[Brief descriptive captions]
*** Block opens ***
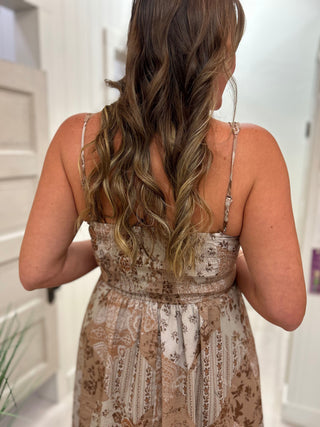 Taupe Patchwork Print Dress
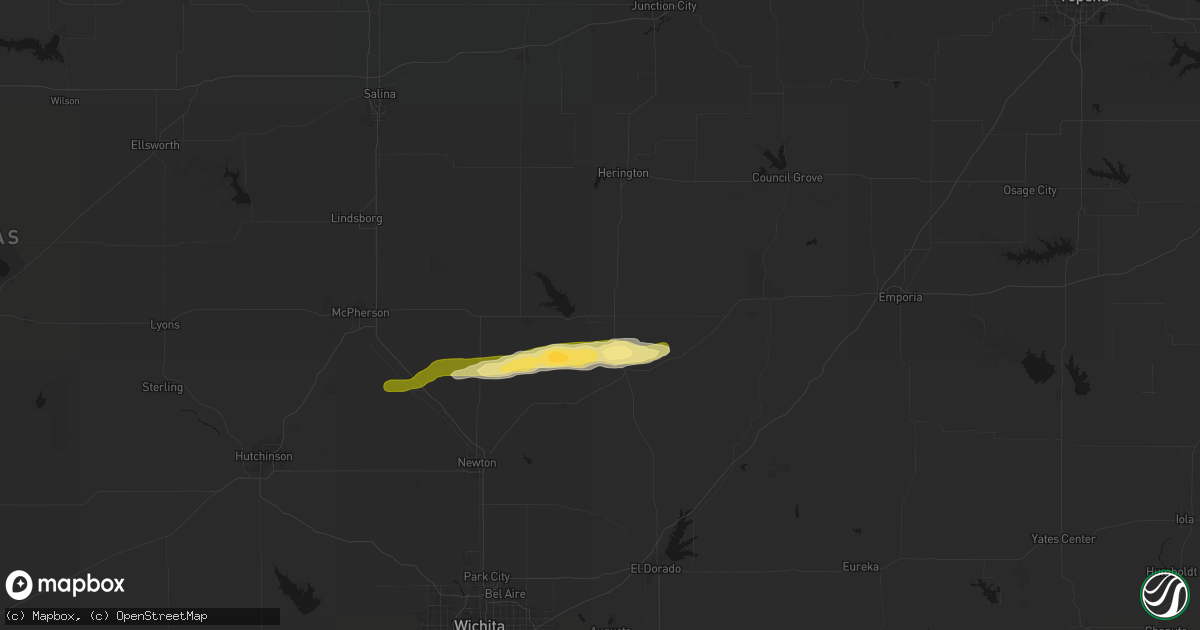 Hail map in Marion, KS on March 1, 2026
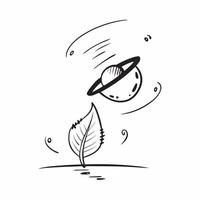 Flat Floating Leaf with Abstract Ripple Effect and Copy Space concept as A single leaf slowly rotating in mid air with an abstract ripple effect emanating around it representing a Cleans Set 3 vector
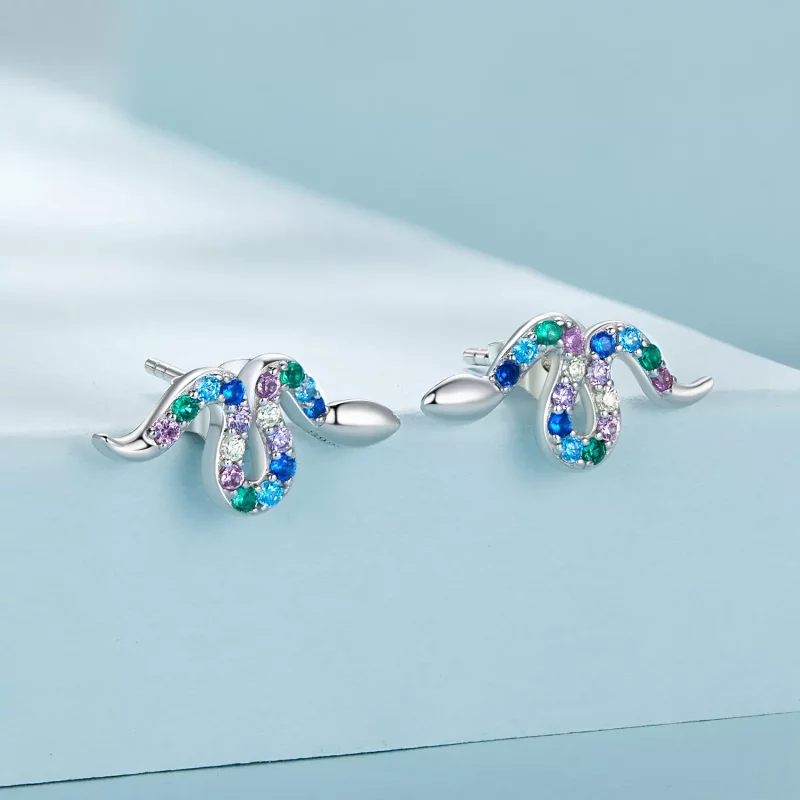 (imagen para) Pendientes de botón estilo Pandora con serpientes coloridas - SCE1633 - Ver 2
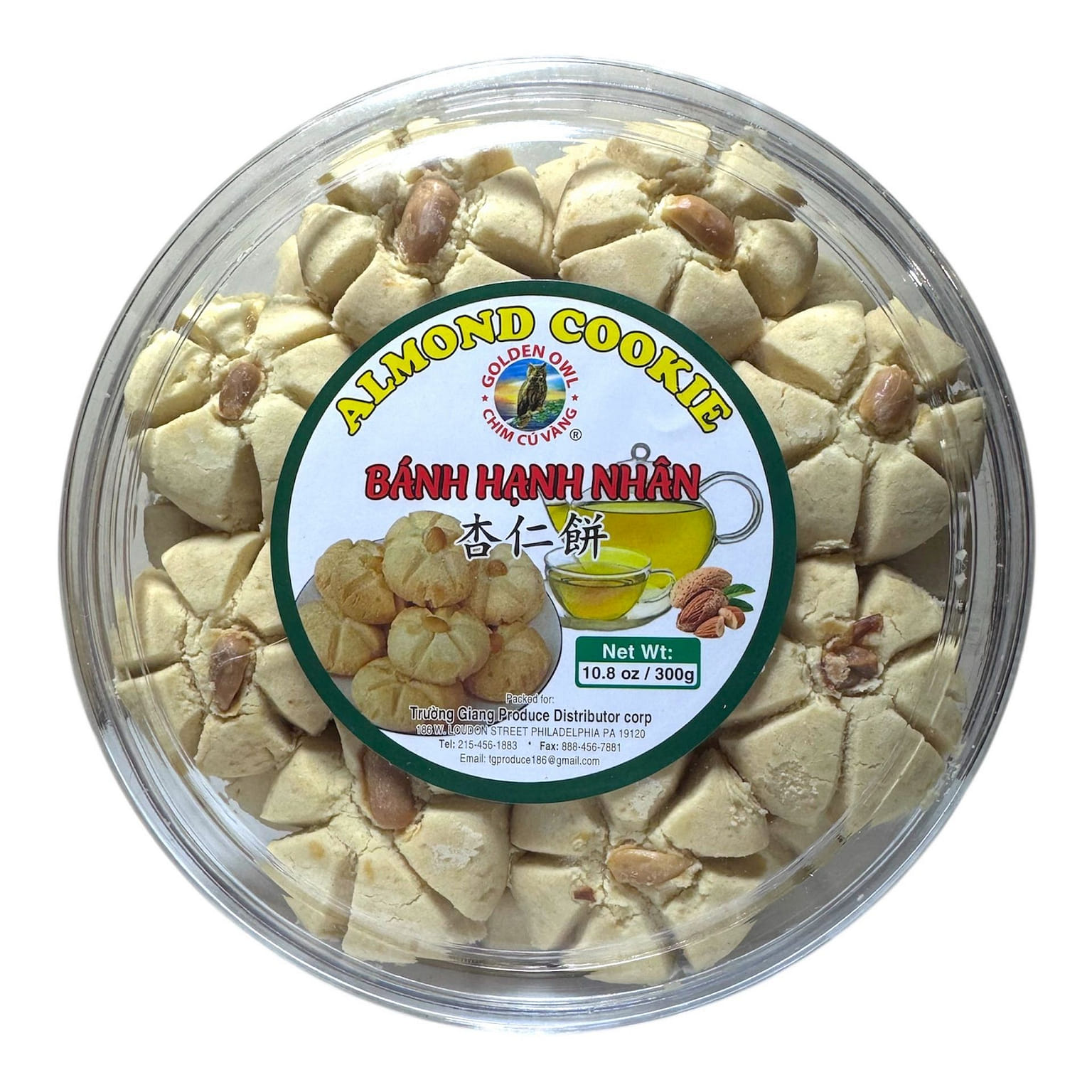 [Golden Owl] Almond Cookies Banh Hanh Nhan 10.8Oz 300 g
*** Block closes ***
**WHAT TO WORK ON**
Please output the data above exactly as given, omitting every picture.

**SOLUTION TO THE PROBLEM**
 Taupe Patchwork Print Dress
 Hail map in Marion, KS on March 1, 2026
 Flat Floating Leaf with Abstract Ripple Effect and Copy Space concept as A single leaf slowly rotating in mid air with an abstract ripple effect emanating around it representing a Cleans Set 3 vector
 (imagen para) Pendientes de botón estilo Pandora con serpientes coloridas - SCE1633 - Ver 2
 [Golden Owl] Almond Cookies Banh Hanh Nhan 10.8Oz 300 g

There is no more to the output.